B.                 Delivery of the new Web site and deterioration of the parties’ relationship

[6]               According to the applicant’s testimony, the new Web site, for which he provided hosting, was officially delivered to the respondent on September 21, 2011, although it had been operational since July 20, 2011.  The respondent did not see things in the same way.  It considered that the applicant largely exceeded the time to carry out the contract while being unable to deliver a new site meeting the requirements of the said contract.  The relationship became bitter and culminated in an exchange of demand letters.

[7]               Specifically, the respondent refused pay the invoice that the applicant sent him on September 21, 2011 (Exhibit P-4), which reflected the price agreed on by the parties and made a formal demand that he perform the work not done, failing which it stated it reserved the right to reduce the contract price and give this work to another programmer (Exhibit D-9).  It complained mainly about the fact that the site delivered by the applicant did not provide the function of ordering parts online, a rather essential component, in its opinion, of the work to be completed under the contract.

[8]               In a letter that he addressed to the respondent on October 13, 2011 (Exhibit D-10), the applicant refuted any blame.  He argued that to proceed with the redesign that the respondent wanted, given the source files in place at the time, it required a considerable amount of work than had been planned originally, that the respondent said it was perfectly aware and that he accommodated the respondent by accepting to do this work without additional compensation.  Furthermore, he warned the respondent that the source files of the site delivered on September 21 are his creation and belong to him and that he can dispose of them as he sees fit, including by blocking access by the respondent’s clients to the site so long as the amount for the contract had not been paid.  In this respect, the applicant advised the respondent that the above-noted accommodation no longer held and, thus, he claimed from it additional fees of $6,390.  Therefore, the total bill for completing the work to upgrade the respondent’s Web site increased to $10,494.84.  The applicant requested payment within five days.
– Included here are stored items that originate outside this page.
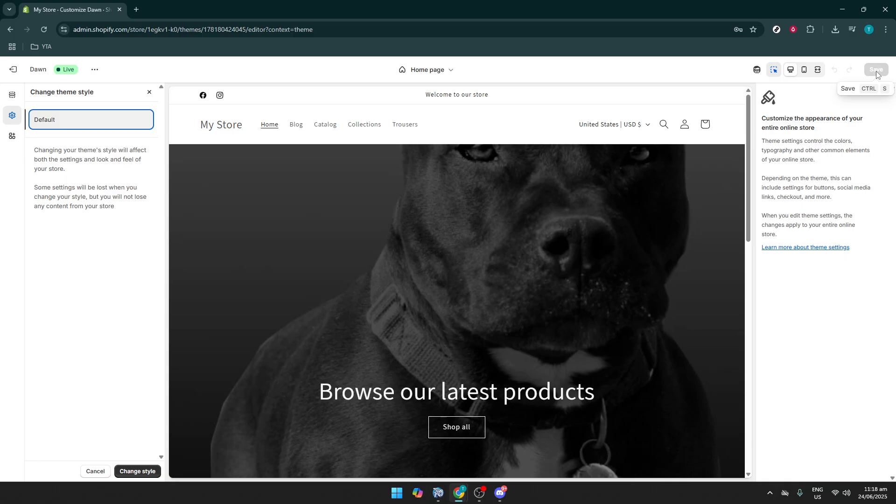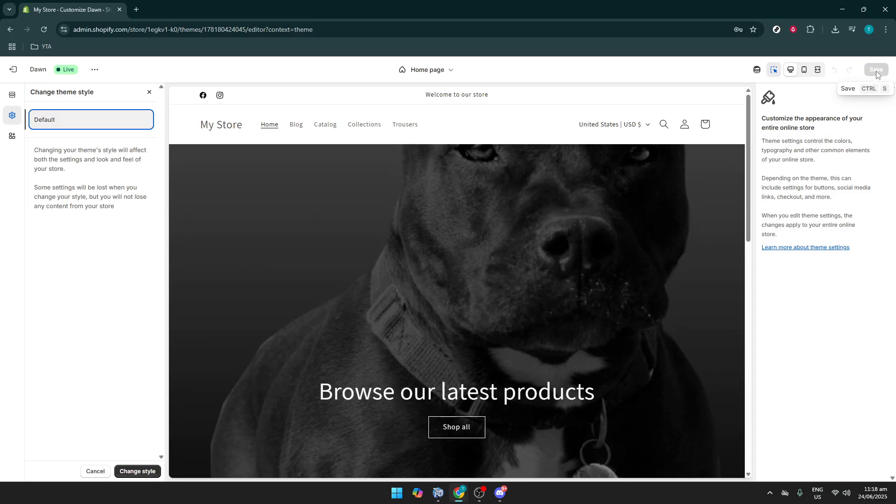There you have it. You've now successfully reset your Shopify theme back to its default settings. This method can be particularly useful if you want to re-experience the default look or if you've experimented with multiple layouts and want to clear everything out before trying again.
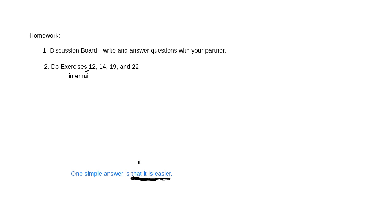Number two: do exercises 12, 14, 19, and 22. Exercise 12 must be done in an email because it requires you to make your own sentences. Any questions? You guys did great today. Moving along. Have a great rest of your week, and I'll see you on Tuesday. Bye!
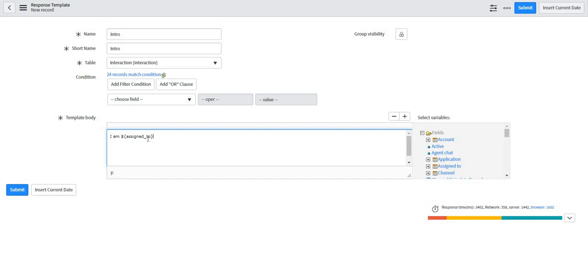So I will say I am Hardit Singh or whoever the agent would be and how can I help you.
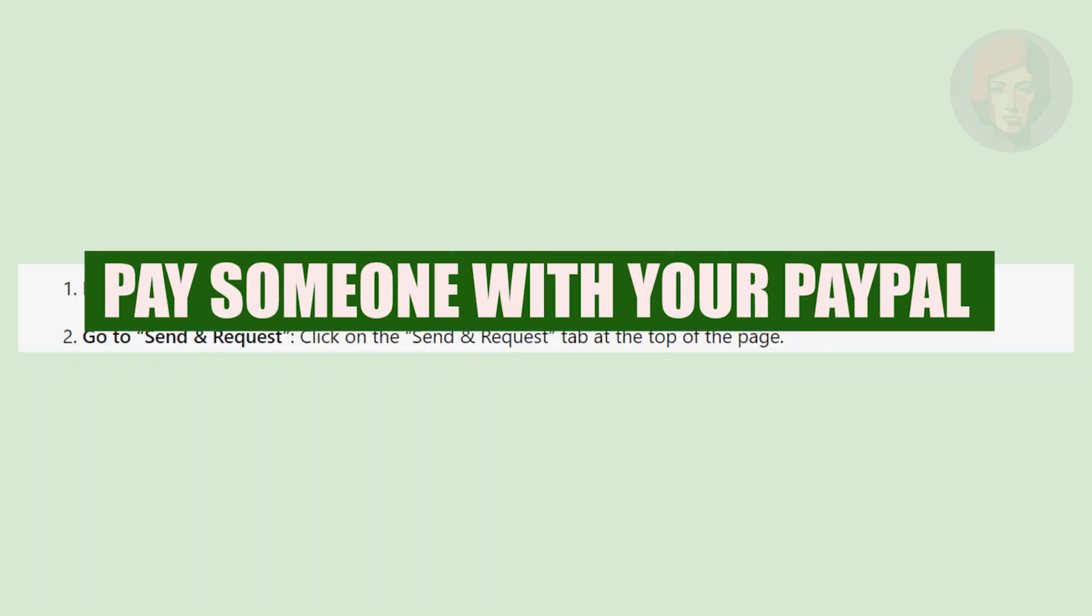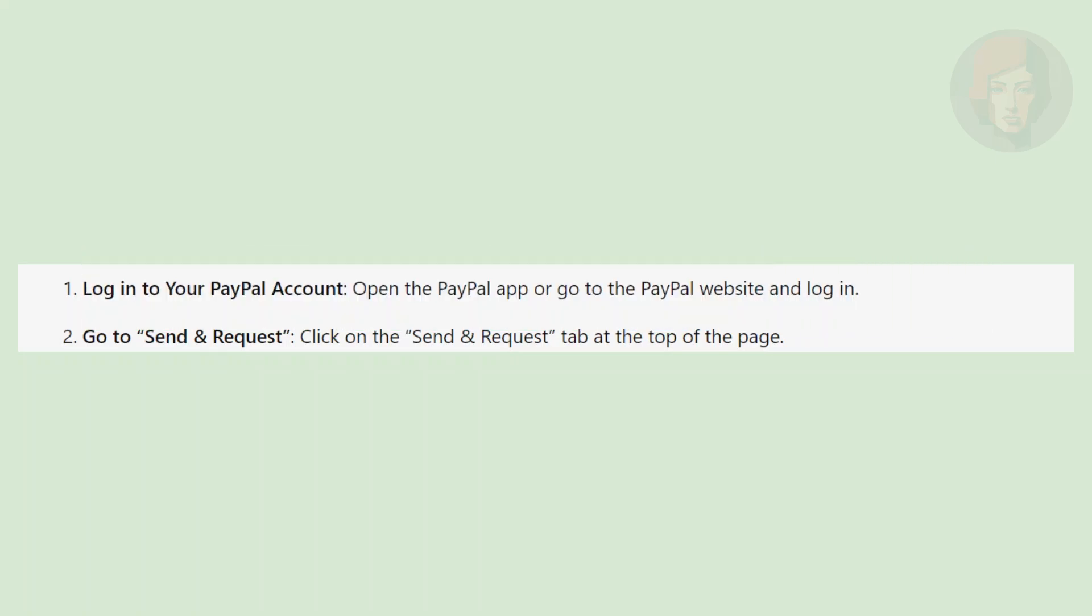How to pay someone with your PayPal balance. Hi guys, in this video, we show you how to pay someone with your PayPal balance.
[9]               The letter of October 13, 2011, did not specifically address the respondent’s allegation that the new site did not offer the function for ordering parts online.  At the trial, the applicant testified that this function was not incorporated to the new Web site because it would require a considerable amount of work, which was not provided for in the contract.

[10]           The respondent quickly reacted to the letter of October 13. In a letter dated October 17, 2011, and signed by counsel representing it at the time (Exhibit P-6), the respondent warned the applicant against any interruption of service of his client’s Web site and informed him that it wished to terminate the contract.  However, in order to settle the dispute [translation] "as quickly as possible", it proposed to pay the applicant $2,500.00 [translation] "in exchange for a full and final release, handing over the computer content of the site on DVD, a commitment from him to transfer the site to another server hosting it and keeping the site online until this transfer."  Counsel specified that failure to respond to this offer within three days of its receipt, his instructions are to [translation] “file any legal proceeding enabling (his) client to recover the computer data required for its Web site to function and to claim any damages it has suffered."
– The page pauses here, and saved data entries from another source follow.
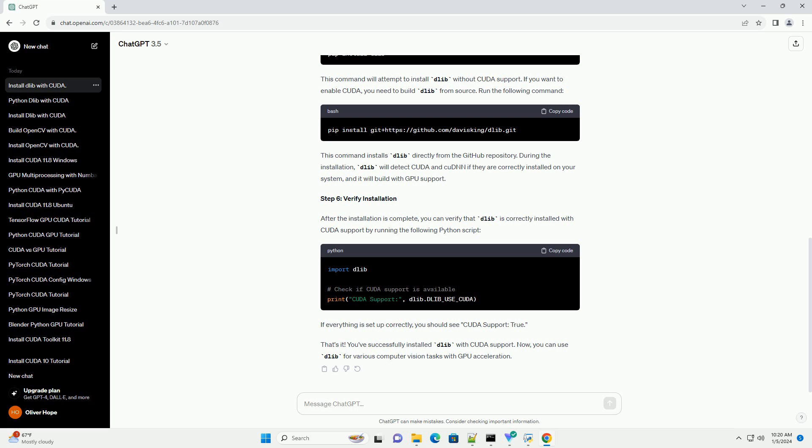That's it. You've successfully installed Dalib with CUDA support. Now you can use Dalib for various computer vision tasks with GPU acceleration.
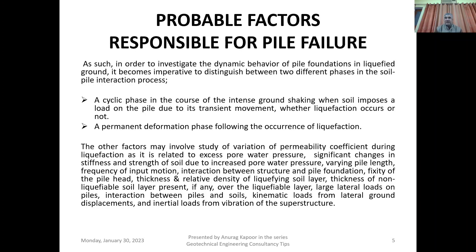Other probable factors responsible for pile failure include: variation of permeability coefficient during liquefaction as it relates to excess pore water pressure; significant changes in stiffness and strength of soil due to increased pore water pressure; varying pile length; diameter of the pile; frequency of input motion; interaction between structure and pile foundation; fixity of the pile head; and thickness and relative density of the liquefying soil layer.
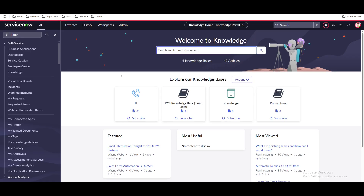Hello everyone. In this video I'm going to talk about knowledge management — what it is and why we need it. Knowledge management is an important application used across all platforms like ITSM, CSM, HRSD, or any other application.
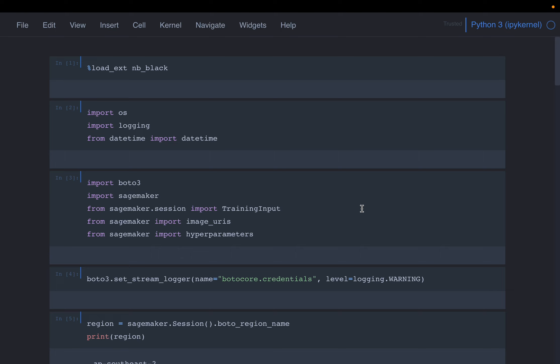In this video series, we are learning about AWS SageMaker. All the notebooks related to these videos are in the GitHub, the link is provided in the description below. In the previous video, we looked at data preparation to train a classification model. We prepared the data and uploaded it to S3. Today, we will use the data to train the inbuilt XGBoost model.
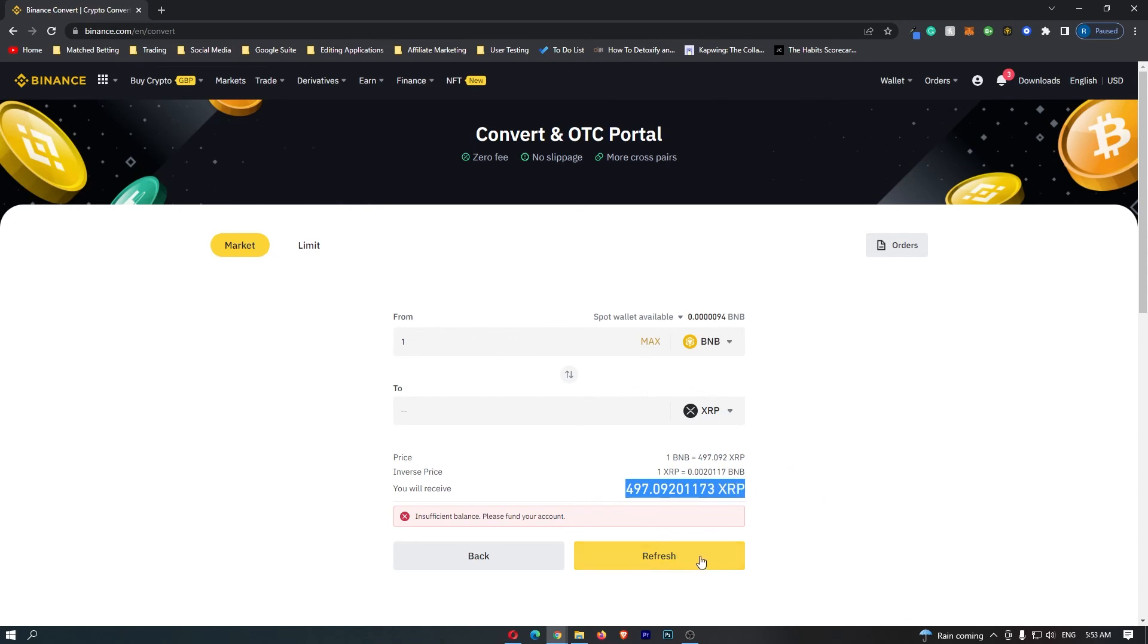This yellow button at the bottom should say Confirm. So you can go ahead and click this. That will start up the transaction, and that is how you can convert BNB into XRP on Binance.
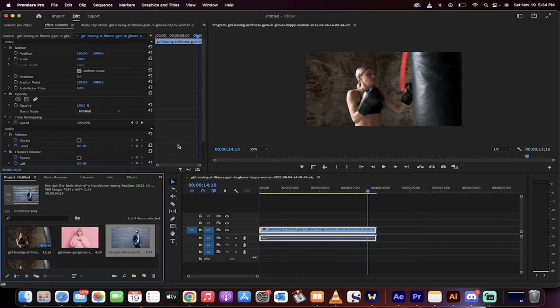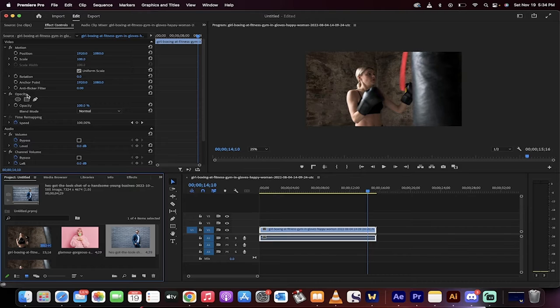Hello everyone, welcome back to another Premiere Pro tutorial. This one's going to show you how to automatically resize images to fit the frame.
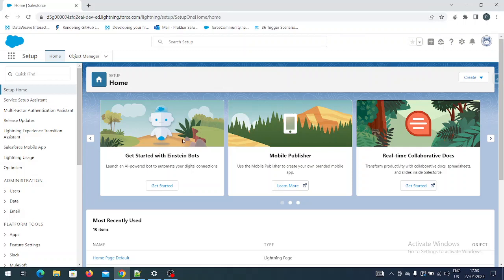Hey hello guys, welcome to my channel - this is Salesforce Wala. Today we are going to learn about the Session ID. If you are from the IT background or integration background, you are already aware about the Session ID. Today what we are going to do is log into the portal without using a username and password. Let's see how we can do that.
[11]           On November 21, 2011, the respondent advised the applicant, through this same counsel, that it had no other choice but to completely reprogram its Web site given the [translation] "major deficiencies" affecting the work carried out by the applicant (Exhibit P-7).  It explained that to do so, it [translation] "started from scratch" and [translation] “did not keep any programming (he) completed”.  Considering that he did not respect the contract between the parties and that, as a result, it had to pay for corrective work, the respondent informed the applicant that it reserved the right to claim damages that it felt it suffered.  According to Exhibit D-11, the corrective work was performed in November 2011 by Sylvain Mallet, for $2,400.  The Web site reprogrammed by Mr. Mallet was put online on November 21, 2011.  It replaced the one delivered by the applicant two months earlier.

[12]           On November 23 and 30, 2011, the applicant, through his counsel, seeks clarification from the respondent of the nature of the deficiencies that, in its opinion, allegedly affected the site that he delivered to it under the contract between the parties. This correspondence remained unanswered.
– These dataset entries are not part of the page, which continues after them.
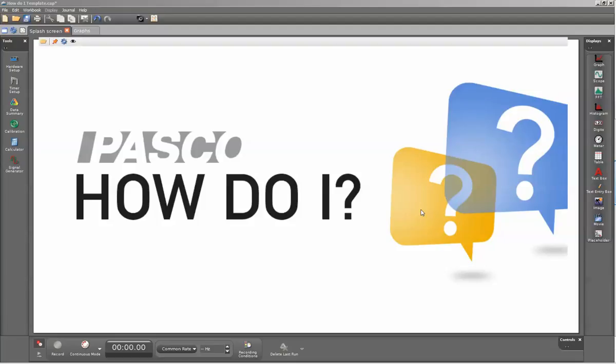This is a short video showing how to use a signal generator within a PASCO interface or a standalone signal generator to generate a sine wave within PASCO Capstone.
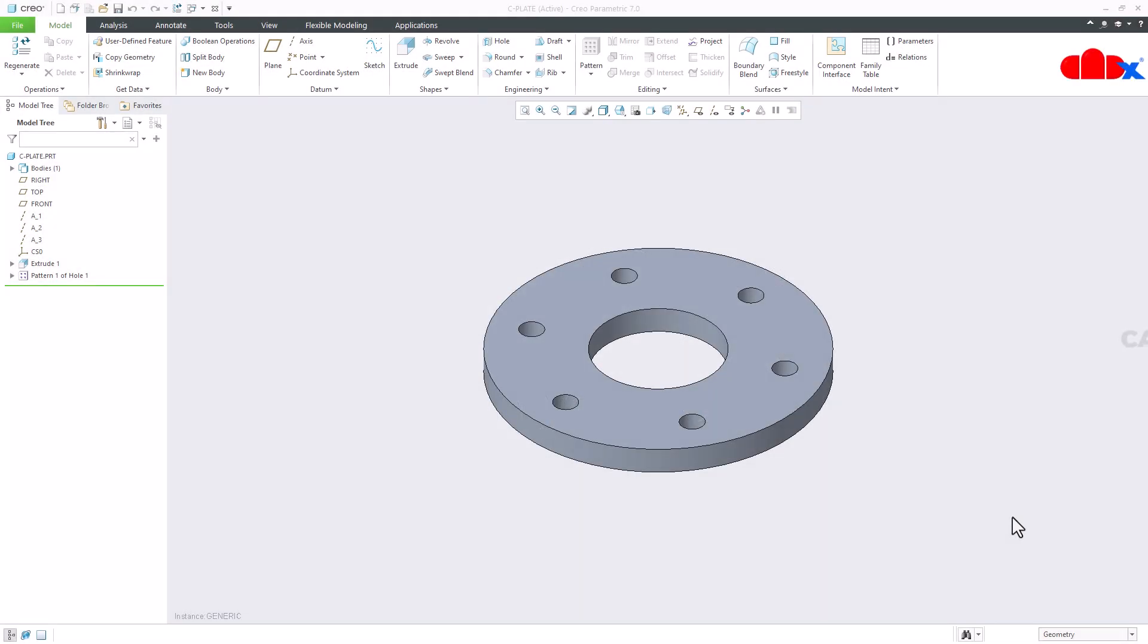Hello friends, Satyendra here, and in this video let us assign different material for each family table instance in Creo Parametric.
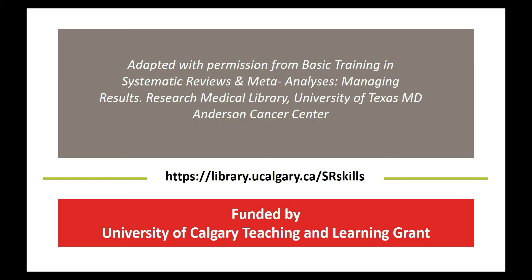This video was adapted with permission from basic training in systematic reviews and meta-analyses managing results from the research medical library at the University of Texas MD Anderson Cancer Center and funded by the University of Calgary Teaching and Learning grants. For more information about systematic reviews, please see the University of Calgary LibGuide.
C.                Legal proceedings

[13]           The applicant brought this action, in the form of a simplified action, March 13, 2012.  He alleged that the computer program that the developed to enable the operation, by the respondent, of an improved Web site, is a work protected by the Act.  He alleged specifically that his rights resulting from the Act in connection with this work were infringed in two ways by the respondent, first, by the use, between September 21 and November 21, 2011, of the site delivered by the applicant without paying him any consideration and, second, by the use, since November 21, 2011, of a Web site powered by a computer program copied onto its computer.

[14]           The applicant considers that he has a right to claim from the respondent, as a result of these infringements, the sum of $20,000 in lost profits on fees and profits collected by the respondent, and the sum of $29,999 in exemplary damages.  At the trial, the applicant amended his statement of claim so as to substitute the claim for lost profits on fees and profits collected by the respondent for a claim of [translation] “predetermined damages” within the meaning of section 38.1 of the Act.

[15]           On July 2, 2013, the respondent produced an amended defence and counterclaim to which is attached an action in warranty against the programmer, Sylvain Mallet.  It argued essentially, in defence, that it purchased the work of the applicant, which confers on it the right to use the computer program developed by him.  It denied, among other things, that it ordered additional work from the applicant and considered that it had the right, after serving a demand on him to correct his computer program in order to make the new Web site functional, to have a third party do the required corrective work.

[16]           As plaintiff by counterclaim, the respondent claimed from the applicant the sum of $25,000 as a result of his failure to deliver the new Web site within the timeframe specified in the estimate and for the loss of profits resulting from the deficiencies of this new site.  Finally, it argued that insofar as there was a copyright infringement, as the applicant alleged, the infringement is the fact that Sylvain Mallet was given the task in October 2011 to reprogram its Web site.  Mr. Mallet did not appear in this case.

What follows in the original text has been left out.